In Plaze, Inc. v. Callas, C.A. No. 2018-0721-TMZ (Feb. 28, 2019), a buyer bought a corporation from a seller but not the production facilities. The buyer instead leased the production facilities from a lessor that was owned and controlled by the seller. Later, the lessor sued the buyer/lessee for violations of the leases in a Georgia state court. The seller was not a party in the Georgia action. The lease did not contain a forum-selection clause. However, the buyer/lessee sought preliminary injunction in the Delaware Chancery Court against the action in Georgia based on a forum-selection clause in the stock purchase agreement.
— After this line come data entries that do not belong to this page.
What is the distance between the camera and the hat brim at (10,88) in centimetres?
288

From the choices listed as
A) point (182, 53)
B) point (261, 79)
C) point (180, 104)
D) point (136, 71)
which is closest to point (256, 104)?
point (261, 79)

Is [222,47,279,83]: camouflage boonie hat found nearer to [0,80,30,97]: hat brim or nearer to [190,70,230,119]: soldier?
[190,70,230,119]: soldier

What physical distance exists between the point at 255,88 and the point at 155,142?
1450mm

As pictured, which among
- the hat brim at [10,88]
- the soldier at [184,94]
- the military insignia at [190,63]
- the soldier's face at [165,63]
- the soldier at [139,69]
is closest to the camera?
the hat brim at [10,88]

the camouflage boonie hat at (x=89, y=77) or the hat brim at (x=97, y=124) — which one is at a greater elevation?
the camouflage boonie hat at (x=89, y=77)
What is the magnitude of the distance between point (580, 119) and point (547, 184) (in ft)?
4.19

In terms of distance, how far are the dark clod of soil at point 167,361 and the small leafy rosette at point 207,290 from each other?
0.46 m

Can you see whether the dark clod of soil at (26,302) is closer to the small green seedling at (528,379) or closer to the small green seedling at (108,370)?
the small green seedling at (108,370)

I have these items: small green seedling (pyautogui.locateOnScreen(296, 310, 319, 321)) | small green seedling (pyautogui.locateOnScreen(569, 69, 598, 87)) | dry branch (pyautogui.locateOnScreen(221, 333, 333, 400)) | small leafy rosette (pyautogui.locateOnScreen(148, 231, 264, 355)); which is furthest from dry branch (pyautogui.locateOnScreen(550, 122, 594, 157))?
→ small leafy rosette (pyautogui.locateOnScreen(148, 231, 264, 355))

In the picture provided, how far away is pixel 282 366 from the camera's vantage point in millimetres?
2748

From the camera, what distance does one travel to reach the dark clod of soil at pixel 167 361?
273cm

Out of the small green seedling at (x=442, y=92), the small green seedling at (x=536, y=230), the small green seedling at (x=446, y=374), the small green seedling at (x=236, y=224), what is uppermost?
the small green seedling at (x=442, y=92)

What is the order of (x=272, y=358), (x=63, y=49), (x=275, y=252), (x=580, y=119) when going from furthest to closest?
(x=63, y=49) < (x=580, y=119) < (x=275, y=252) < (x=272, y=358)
The stock purchase agreement provided that the “Parties” agreed to submit to the jurisdiction of the Delaware courts in relation to litigations “arising out of or relating to” the sale of the corporation. Yet, even though the lessor was one of the signatories and had other obligations under the stock purchase agreement, it was not included in the definition of the “Parties”.
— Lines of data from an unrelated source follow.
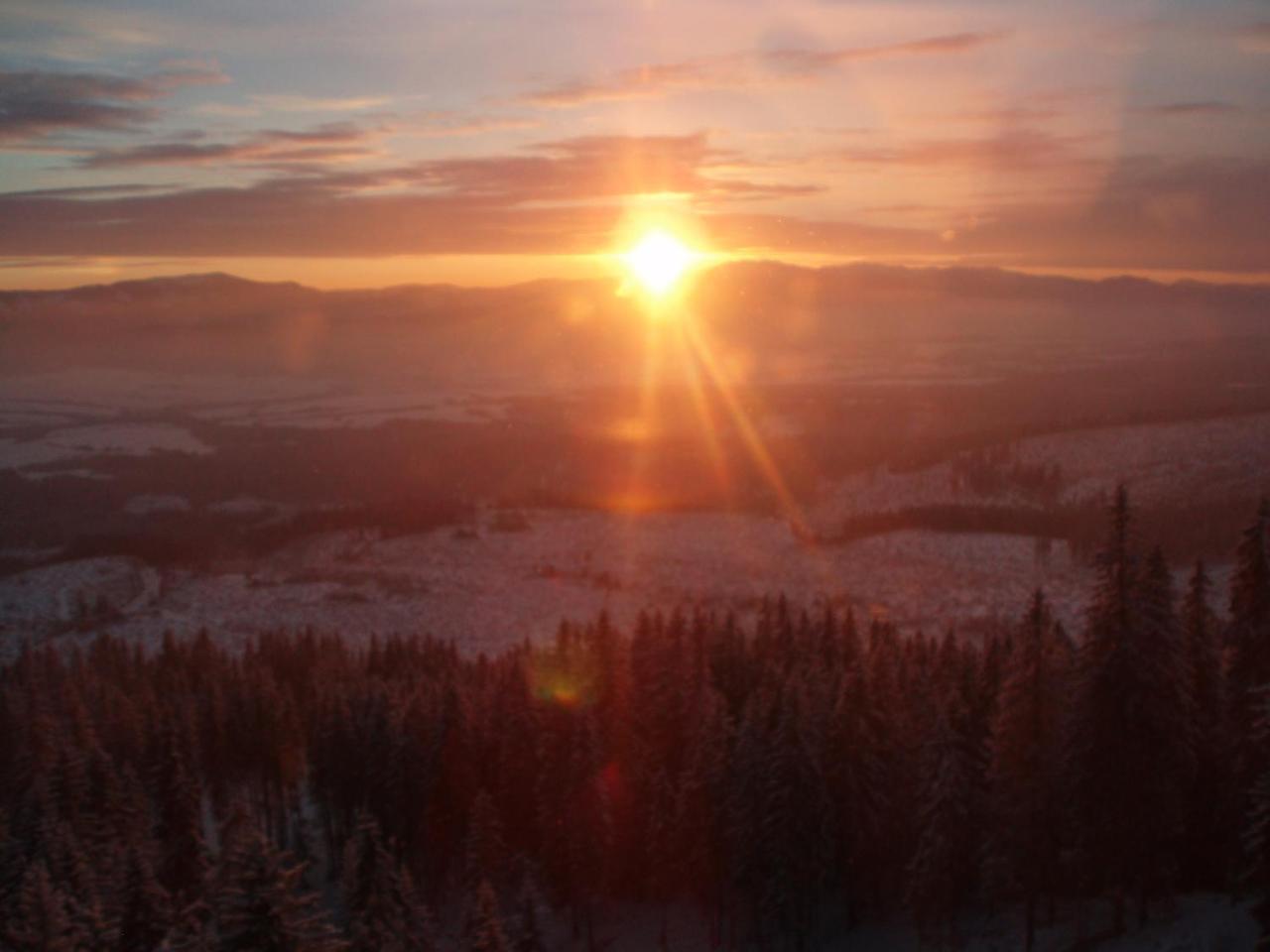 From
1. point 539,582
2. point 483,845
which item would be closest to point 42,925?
point 483,845

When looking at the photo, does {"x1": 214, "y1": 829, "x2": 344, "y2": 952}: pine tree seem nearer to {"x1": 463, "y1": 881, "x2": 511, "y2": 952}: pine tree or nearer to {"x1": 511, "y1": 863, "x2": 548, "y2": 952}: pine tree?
{"x1": 463, "y1": 881, "x2": 511, "y2": 952}: pine tree

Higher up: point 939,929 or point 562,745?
point 562,745

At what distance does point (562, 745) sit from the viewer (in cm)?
3100

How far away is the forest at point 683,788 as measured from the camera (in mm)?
20500

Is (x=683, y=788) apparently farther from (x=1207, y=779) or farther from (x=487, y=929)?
(x=1207, y=779)

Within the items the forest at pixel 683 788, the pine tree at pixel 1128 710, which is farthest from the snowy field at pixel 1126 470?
the pine tree at pixel 1128 710

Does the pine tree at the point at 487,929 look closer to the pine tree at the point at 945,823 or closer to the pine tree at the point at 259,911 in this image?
the pine tree at the point at 259,911

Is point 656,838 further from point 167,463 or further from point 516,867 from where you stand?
point 167,463

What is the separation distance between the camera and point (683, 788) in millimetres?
29328

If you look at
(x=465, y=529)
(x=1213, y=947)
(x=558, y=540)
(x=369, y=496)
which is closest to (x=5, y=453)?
(x=369, y=496)

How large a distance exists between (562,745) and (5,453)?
12332cm

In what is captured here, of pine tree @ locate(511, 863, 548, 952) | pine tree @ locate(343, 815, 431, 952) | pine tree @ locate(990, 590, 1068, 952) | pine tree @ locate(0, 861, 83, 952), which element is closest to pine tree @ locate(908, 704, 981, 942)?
pine tree @ locate(990, 590, 1068, 952)

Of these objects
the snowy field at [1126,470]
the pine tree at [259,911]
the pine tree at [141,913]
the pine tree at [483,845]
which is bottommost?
the pine tree at [259,911]

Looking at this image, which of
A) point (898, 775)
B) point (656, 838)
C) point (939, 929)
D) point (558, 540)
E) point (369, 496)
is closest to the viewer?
point (939, 929) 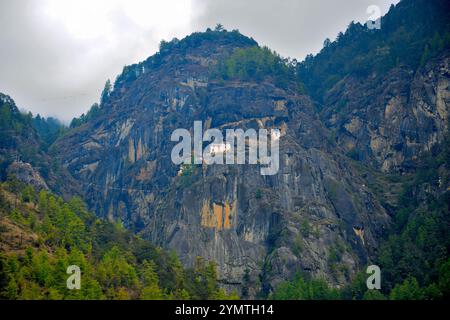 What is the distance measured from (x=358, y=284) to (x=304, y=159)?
120 ft

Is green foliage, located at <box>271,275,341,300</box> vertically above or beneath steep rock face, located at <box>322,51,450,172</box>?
beneath

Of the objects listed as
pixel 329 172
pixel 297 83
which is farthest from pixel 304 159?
pixel 297 83

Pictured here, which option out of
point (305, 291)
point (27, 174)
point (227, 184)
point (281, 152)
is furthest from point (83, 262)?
point (281, 152)

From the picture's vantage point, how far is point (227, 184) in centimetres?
14088

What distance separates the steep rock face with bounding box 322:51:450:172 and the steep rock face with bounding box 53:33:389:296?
8.52m

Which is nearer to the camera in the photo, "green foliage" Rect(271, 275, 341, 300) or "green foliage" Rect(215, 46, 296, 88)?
"green foliage" Rect(271, 275, 341, 300)

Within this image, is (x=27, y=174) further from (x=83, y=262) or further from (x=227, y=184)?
(x=83, y=262)

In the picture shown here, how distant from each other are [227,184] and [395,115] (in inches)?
1761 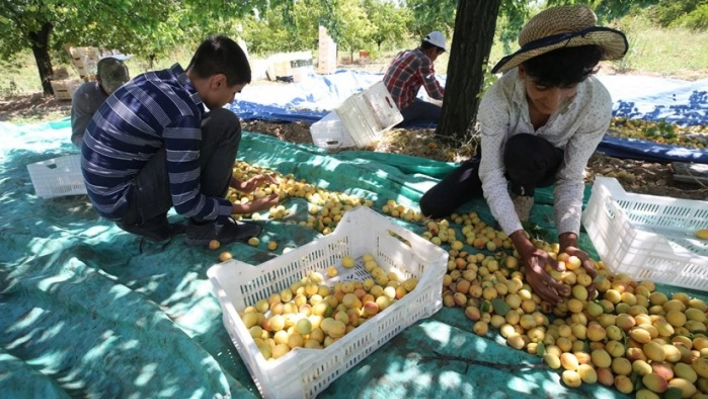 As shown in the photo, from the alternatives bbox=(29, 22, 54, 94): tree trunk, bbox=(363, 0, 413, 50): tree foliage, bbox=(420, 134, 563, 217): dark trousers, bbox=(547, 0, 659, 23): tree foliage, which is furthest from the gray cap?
bbox=(363, 0, 413, 50): tree foliage

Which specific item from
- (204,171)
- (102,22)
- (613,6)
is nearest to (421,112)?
(613,6)

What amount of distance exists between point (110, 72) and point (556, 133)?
3.38 metres

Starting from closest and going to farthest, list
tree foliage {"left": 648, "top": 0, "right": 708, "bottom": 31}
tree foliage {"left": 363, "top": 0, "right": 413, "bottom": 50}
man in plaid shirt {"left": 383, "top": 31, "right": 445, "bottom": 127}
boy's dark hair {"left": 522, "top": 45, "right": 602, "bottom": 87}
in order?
boy's dark hair {"left": 522, "top": 45, "right": 602, "bottom": 87} < man in plaid shirt {"left": 383, "top": 31, "right": 445, "bottom": 127} < tree foliage {"left": 648, "top": 0, "right": 708, "bottom": 31} < tree foliage {"left": 363, "top": 0, "right": 413, "bottom": 50}

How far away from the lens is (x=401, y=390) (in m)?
1.42

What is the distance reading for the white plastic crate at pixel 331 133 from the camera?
4305 millimetres

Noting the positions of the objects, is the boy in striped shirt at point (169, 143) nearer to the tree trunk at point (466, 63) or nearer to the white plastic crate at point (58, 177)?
the white plastic crate at point (58, 177)

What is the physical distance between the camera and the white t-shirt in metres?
1.95

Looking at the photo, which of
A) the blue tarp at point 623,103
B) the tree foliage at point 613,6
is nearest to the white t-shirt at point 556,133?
the blue tarp at point 623,103

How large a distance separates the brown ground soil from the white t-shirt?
1273mm

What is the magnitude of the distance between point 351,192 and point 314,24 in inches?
600

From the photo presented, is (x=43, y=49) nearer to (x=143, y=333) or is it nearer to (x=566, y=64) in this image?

The Court held that the stock purchase agreement’s forum-selection clause did not bind the lessor. This was consistent with the stock purchase agreement’s contractual scheme to limit the lessor’s obligations and the lease’s inferred expectation for litigations in Georgia. Furthermore, the single agreement theory did not apply since none of the contracts required the lessor to litigate exclusively in a particular state.

BOTTOM LINE: Make sure you define all parties and their respective obligations under an agreement.